Владение землей, видимо, является предметом законного права. Говорить о праве в отрыве от контекста, существующего в действительности, было бы очевидной нелепостью. Дело приняло плохой оборот, попав в руки профессиональных юристов, привыкших к грубому формализму, чурающихся социологических или экономических головоломок, поднаторевших на антропологических играх «минимальных определений» и расплывчатых понятий. Это выглядит так, как если бы теологам из небольшой секты фанатиков было доверено выработать общий символ веры для «Wee Free Creed», тотемизма, культа предков и меланезийской магии. Это был бы поиск вслепую. То, что юристы подобным же образом блуждают в потемках, видно хотя бы из того, как много их постановлений было опровергнуто практикой и как часто эти постановления на самом деле были способом увильнуть от решения проблемы.

Прежде чем анализировать ошибки и произвол, чинимые в отношении законного права туземцев жить на собственной земле, наметим позитивный подход. Основная юридическая проблема заключается в следующем: каким образом следует признать, утвердить и постоянно соблюдать права туземцев, чтобы защитить их от алчности европейцев.

Права должны защищать туземцев от юридических подвохов со стороны европейцев и в то же время не разрушать туземную экономику. С теоретической точки зрения это значит, что необходимо найти некую общую почву, позволяющую согласовать туземные законы, опирающиеся на вековечные традиции владения землей и ее использования, с одной стороны, и европейские правовые системы – с другой. Можно ли найти такую почву, такие общие для обеих сторон мотивы? Несомненно. Во-первых, это стремление европейцев, проживающих на определенных территориях, получить гарантии своей полной безопасности и признание своих прав на обладание землей со стороны туземцев; во-вторых, это стремление туземцев сохранить свои земли и обрабатывать их без корыстного вмешательства со стороны белых. Кроме того, когда европейцы ищут лазейки для того, чтобы отменить туземный закон, основанный на обычае, они апеллируют к принципу «естественной справедливости и морали». Этот принцип, однако, может рассматриваться как общий, если речь идет и о защите существующих прав туземцев, – ведь элементарное право на жизнь и есть, в сущности, основной принцип справедливости и здравого смысла.

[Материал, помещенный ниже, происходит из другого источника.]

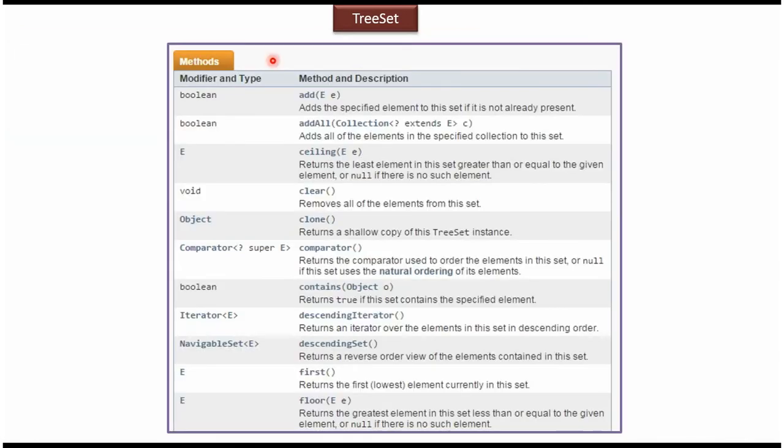Here you can see the methods supported by TreeSet. Add method is used to add an element in the TreeSet. Using clear method we can remove all elements from the TreeSet. Contains method is used to check whether a particular object is present in the TreeSet or not.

Одна из главных трудностей до сих пор заключалась в том, что европейские юристы не могли определить права туземцев в терминах, не связанных со свободной индивидуальной собственностью{144}. Они ориентировались прежде всего на европейскую правовую систему, но на какую именно систему? Должна ли система прав, обеспечивающих индивидуальную собственность, быть заимствована из кодекса Наполеона или из билля английской палаты общин; должна ли она походить на соответствующие законы в Ирландии, где нет крупного землевладения, или на польскую систему, уходящую корнями во времена крепостничества? Говорить о европейской собственности как таковой, «где собственник обладает абсолютными правами и может сам распоряжаться своей собственностью»{145}, – значит допускать чудовищную некорректность в определении.

Такой собственности не существует даже в европейском праве, не говоря уже о европейских обычаях. Туземца племени пондо, отправляющегося на заработки и оставляющего свою семью работать по хозяйству, можно сравнить с европейским эмигрантом в Америке, заботу о хозяйстве которого берут на себя его родственники и семья. Просто говорить о том, что «индивидуалистическая» установка является единственно верной, что именно она характерна для нового экономического мышления и создает здоровый стимул к работе, – это грубая социологическая ошибка. Часто бывает так, что рост «индивидуалистических» ориентаций среди туземцев происходит не потому, что они, дескать, уже вступили на путь развития по европейским образцам, а потому, что является болезненным признаком неустойчивого, переходного состояния человека, находящегося на полпути к какой-либо культурной определенности.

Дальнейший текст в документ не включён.